**Task goal:**
Nothing but the text belongs in the answer: the listing below, copied exactly, without pictures.

**Exercise data:**
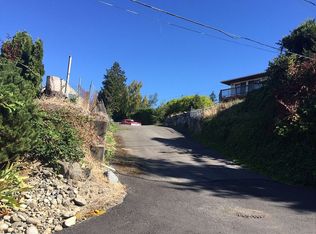 11500 21st Pl SW, Seattle, WA 98146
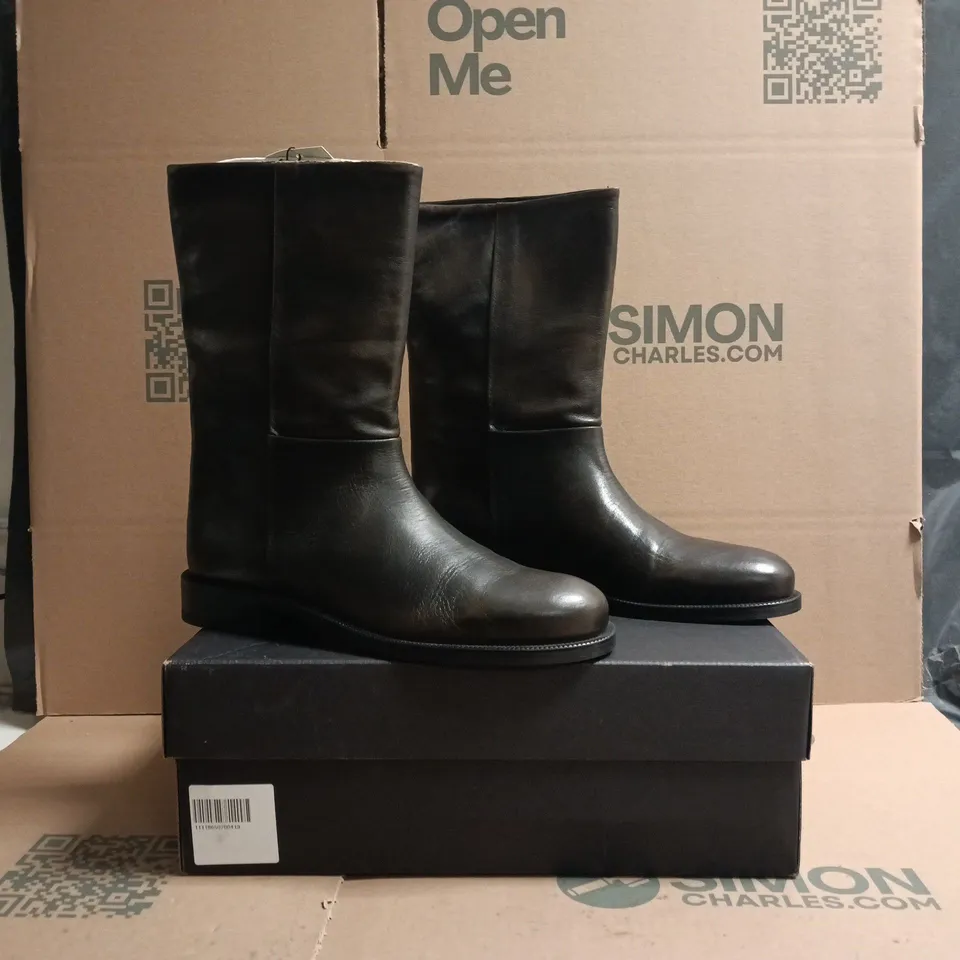 BOXED PAIR OF MASSIMO DUTTI ANKLE BOOTS IN BROWN SIZE UK 8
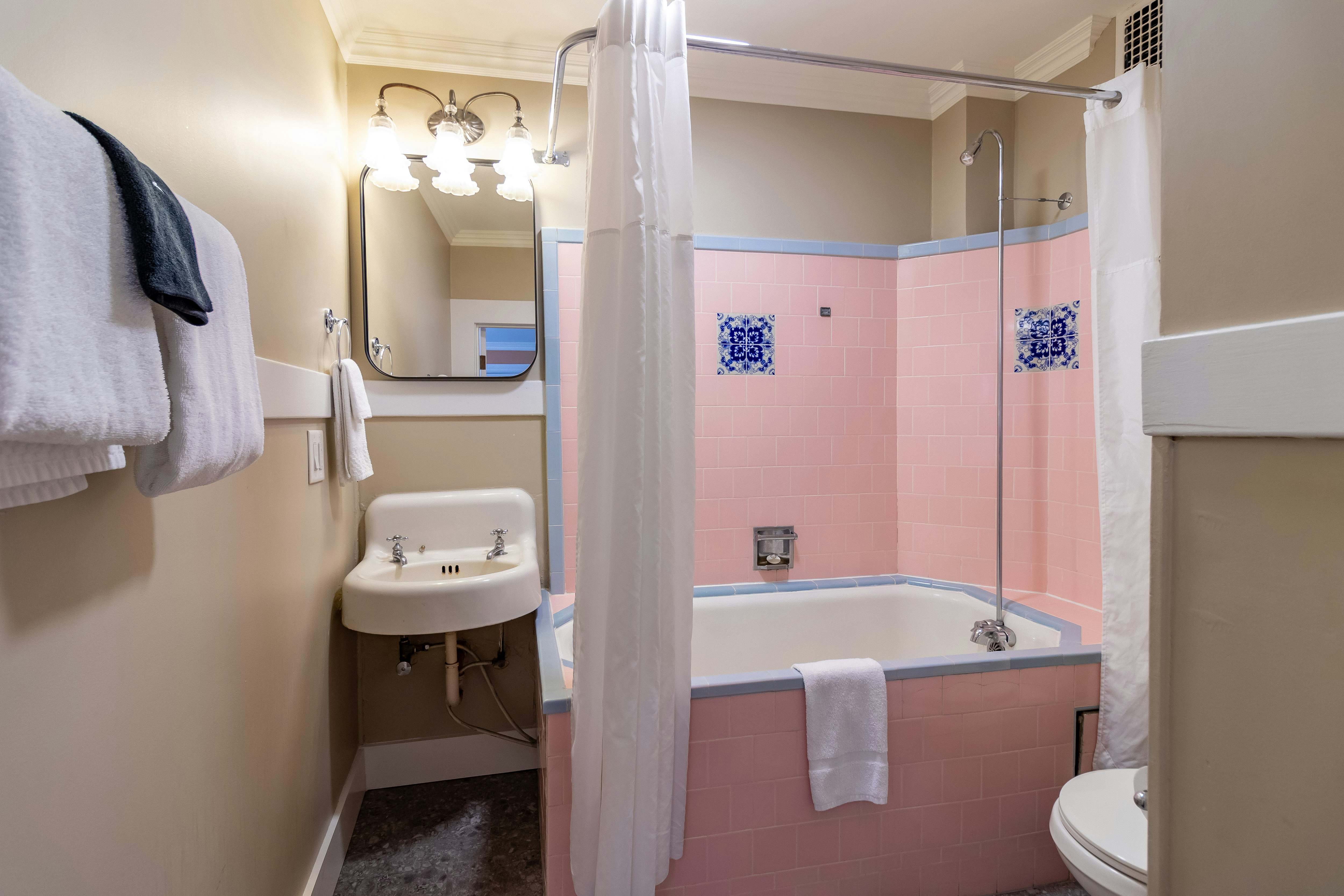 The Sonora Inn 50/50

**Written response:**
 11500 21st Pl SW, Seattle, WA 98146
 BOXED PAIR OF MASSIMO DUTTI ANKLE BOOTS IN BROWN SIZE UK 8
 The Sonora Inn 50/50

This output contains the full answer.